• _What you should do_:
Only one span of the material below is wanted. Output it exactly, from the line with "Union Special 51400bp" through the line with "Skull Kraken: Generation Force", without any pictures.

• _Data for analysis_:
::::

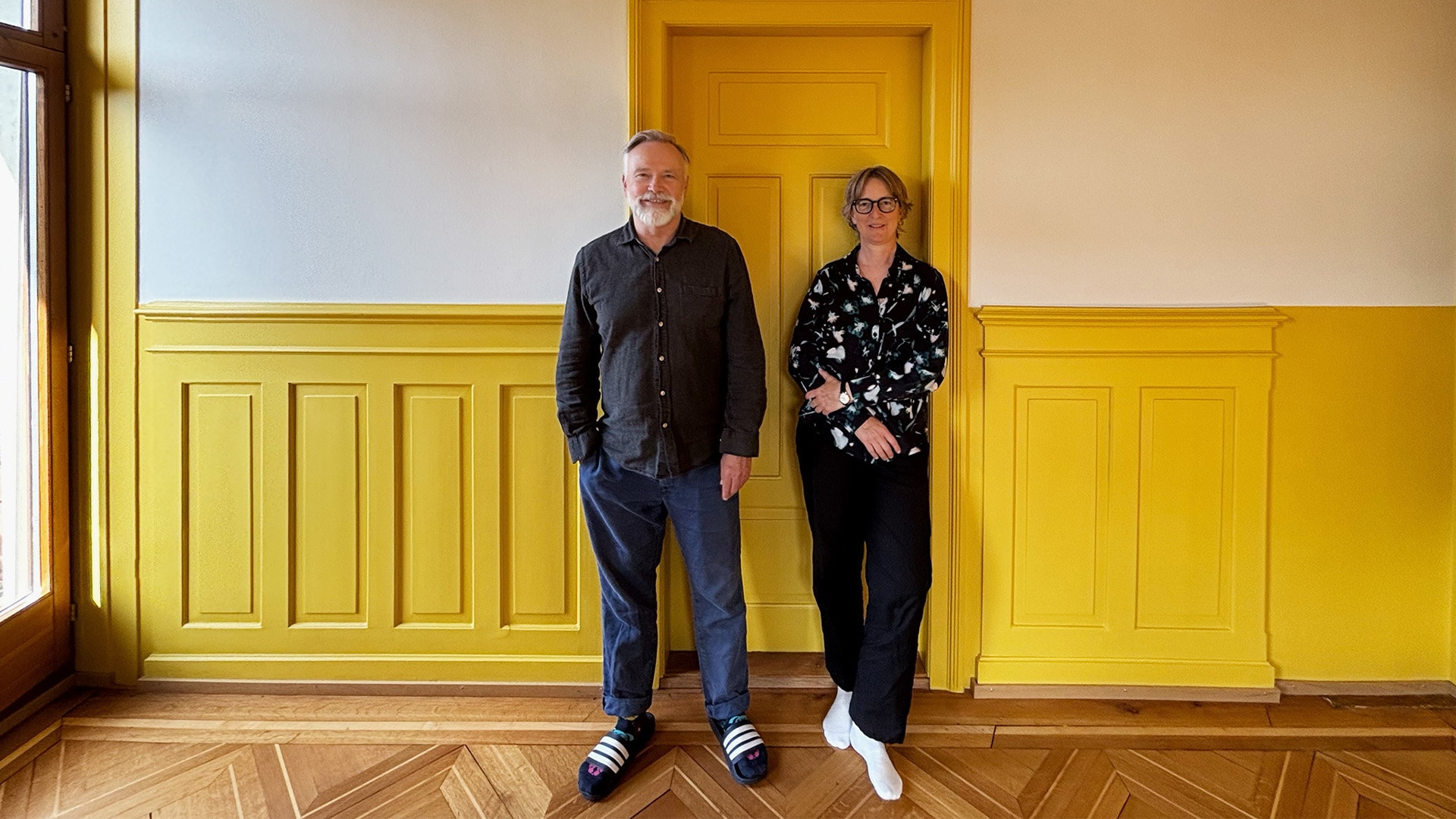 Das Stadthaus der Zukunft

::::

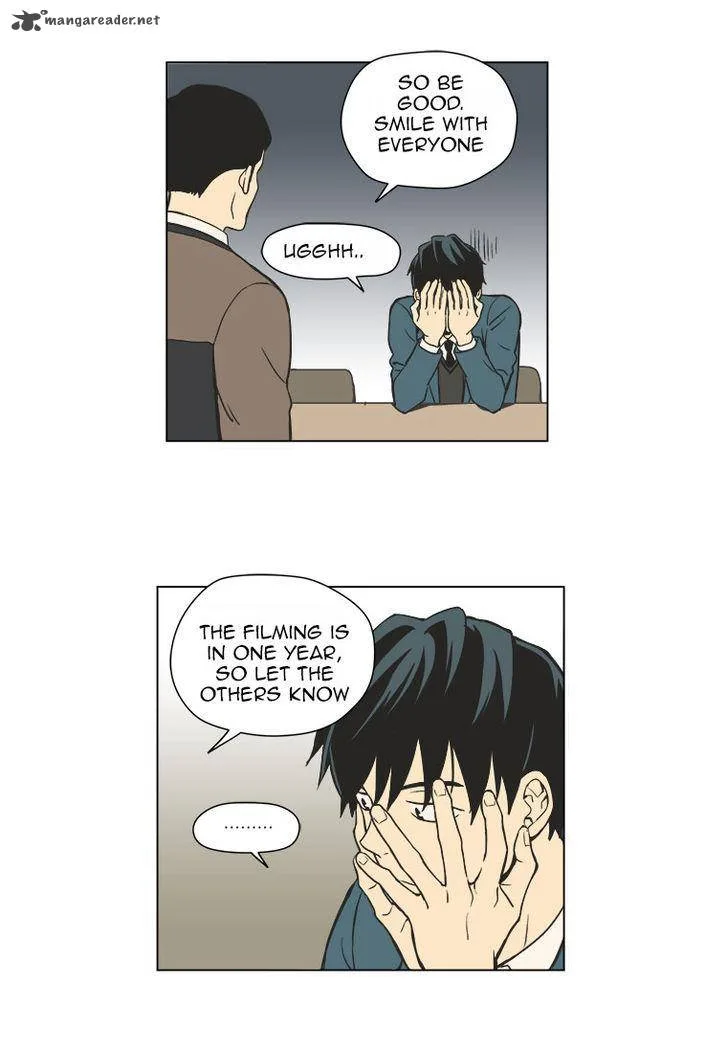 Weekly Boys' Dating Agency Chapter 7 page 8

::::

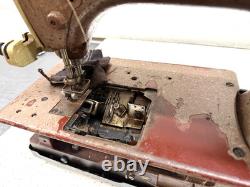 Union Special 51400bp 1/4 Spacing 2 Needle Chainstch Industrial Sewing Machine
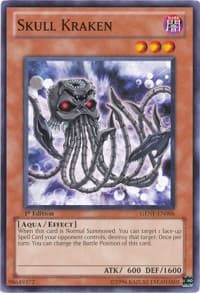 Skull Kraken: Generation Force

::::

• _Exercise result_:
 Union Special 51400bp 1/4 Spacing 2 Needle Chainstch Industrial Sewing Machine
 Skull Kraken: Generation Force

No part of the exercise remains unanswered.